Quizás la clave es que la felicidad por definición es incompleta. Y por eso, dice Orwell, nadie ha sabido presentarla de forma más convincente que como un alivio. La felicidad se escribe en gerundio y probablemente es hortera como un gerundio. Porque no hay nada más ordinario que un gerundio, sobre todo escrito después de una coma. En realidad, sí hay una cosa más vulgar: la exhibición de la felicidad. La copa de balón en la terraza con vistas. El selfie en la playa paradisiaca. ¿El placer es vivirlo o contarlo? ¿Está en el ser o en la apariencia? ¿Es ese tipo felicidad una forma de infelicidad disfrazada? Aquello de dime de lo que presumes y te diré de qué careces. Sobre ese dilema, me pronuncio de la siguiente manera: quien esté libre de pecado, que tire la primera piedra.
La cuestión, podría ser, que la felicidad no es el placer. O no es solo el placer. Si lo fuera, afirma Kahneman, criar a un hijo no sería descrito como fuente de felicidad, pues hay pocas cosas menos placenteras que despertarse en mitad de la noche para cambiar un pañal. Su opinión es que la felicidad consiste en encontrarle sentido a la vida. Tiene sentido eso del sentido. Está bien tirado, como se dice ahora. El problema del sentido, como el de las expectativas, es que también se forma por comparación y por tanto es igualmente manipulable. Encontrarle una misión a la vida se nos presenta como una búsqueda introspectiva, pero cada vez se parece más a lo contrario: la demostración es la hiperinflación de propósitos lanzados a los jóvenes para que elijan el suyo. La misión y la visión han sido tan mercantilizadas que hasta las empresas quieren nutrir de ellas a sus clientes y empleados.

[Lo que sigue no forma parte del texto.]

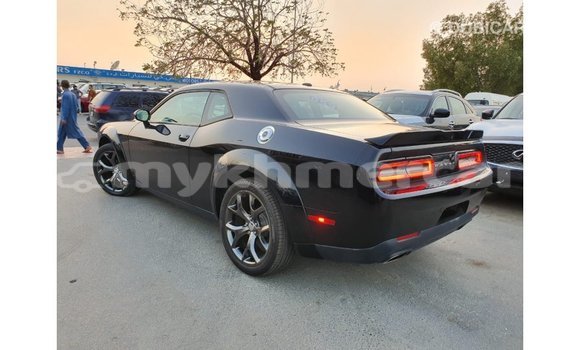 Buy Import Dodge Challenger Black Car in Import - Dubai in Kampot Province Buy Import Dodge Challenger Black Car in Import - Dubai in Kampot Province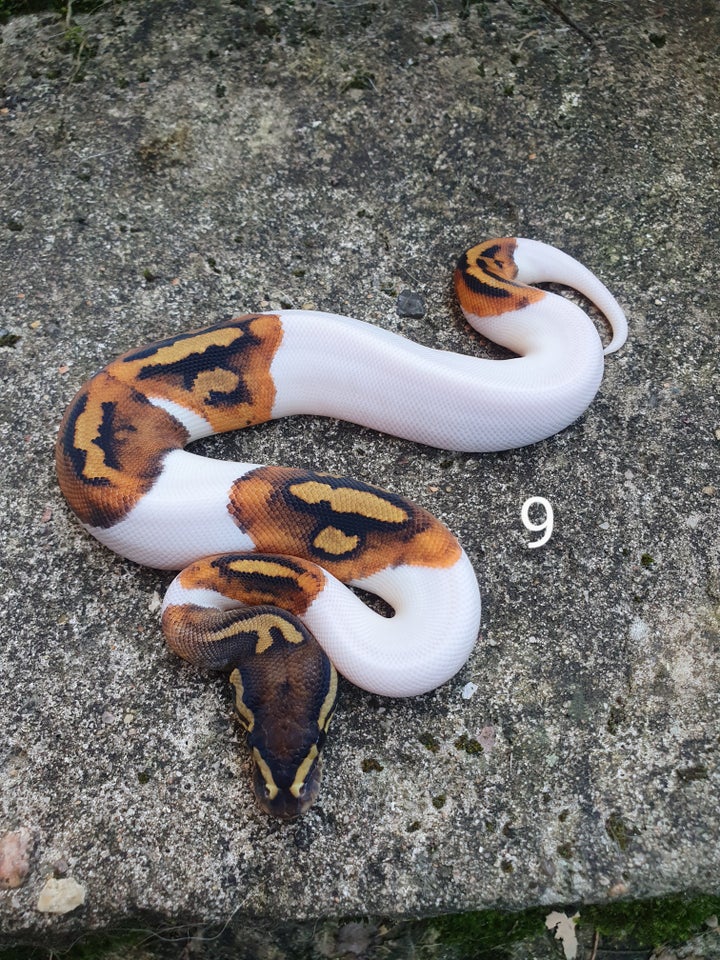 Slange, Pied kongepythons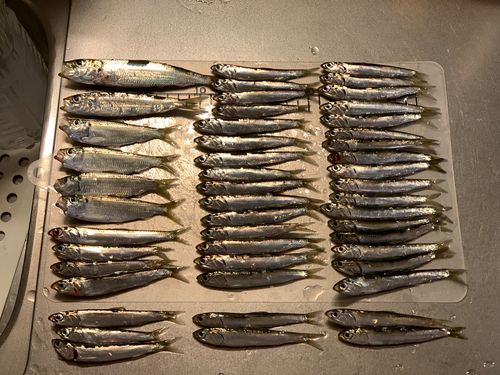 マイワシの釣果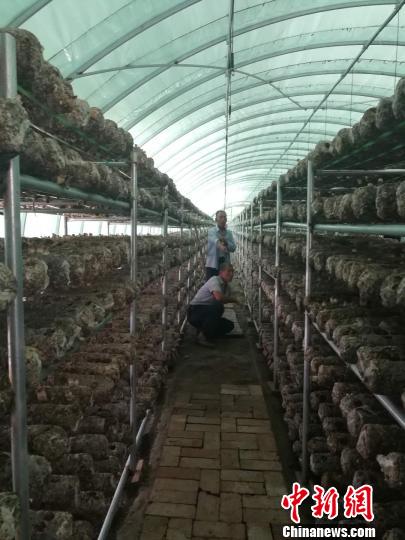 村民在查看香菇长势。 范丽芳 摄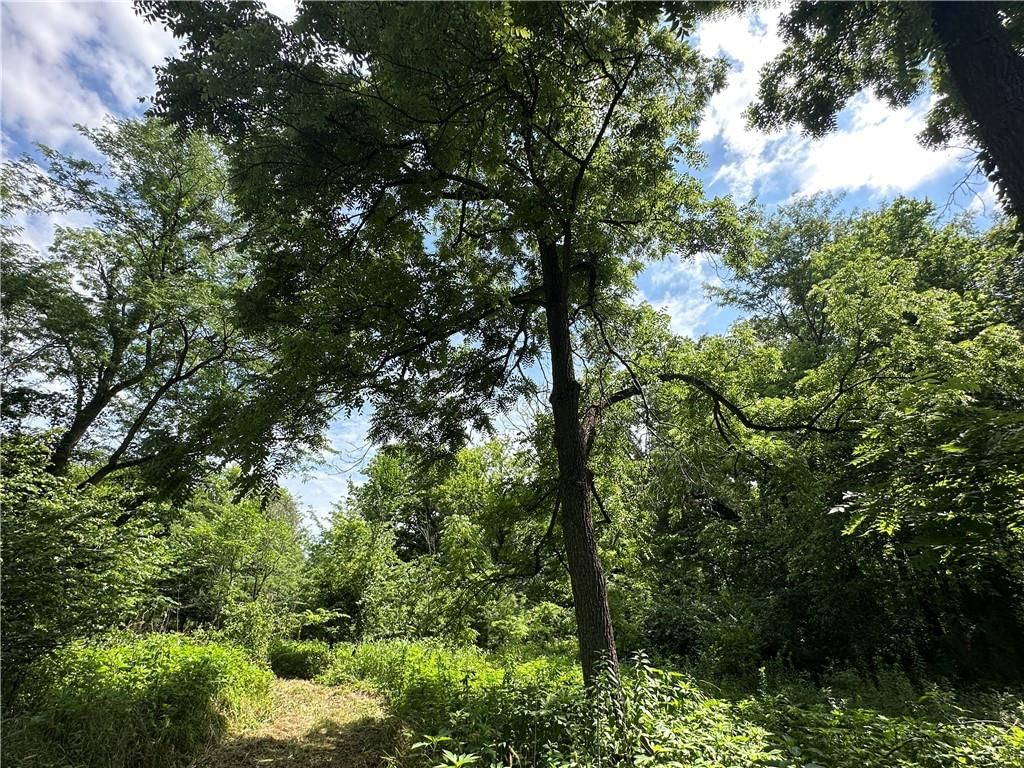 14710 County Rd 337 — photo 34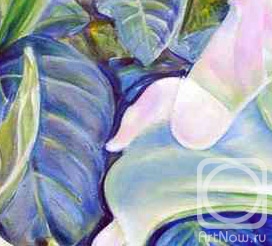 ������� ������ �� ������. ������ ������. ����� 24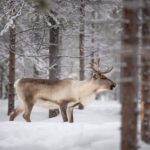 Levi: Winter Highlights Family Day - Who Will Love This Tour?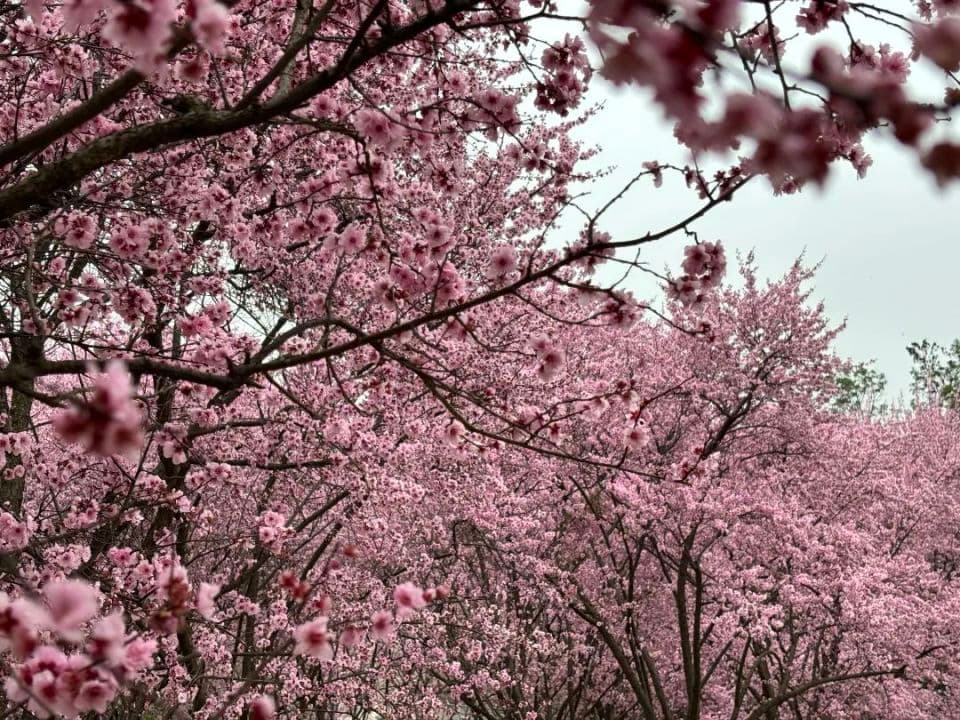 成都近期6大赏花好去处！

«Cuando eres padre, tu máxima aspiración en la vida es esta: morirte antes que tus hijos», ha afirmado el escritor David Cerdá en su perfil de Twitter. Y sí, quizás la felicidad tenga que ver sobre todo con eso. Con bajar también a tierra las expectativas sobre el sentido de la vida. En mi caso lo tengo claro. Mi transcendencia son mis hijos. Mi felicidad, toda mi gente. El sol y la playa también me ayudan lo suyo. Y sobre todo una actitud. La de no juzgar. Que cada cual se alegre sus días como quiera y pueda.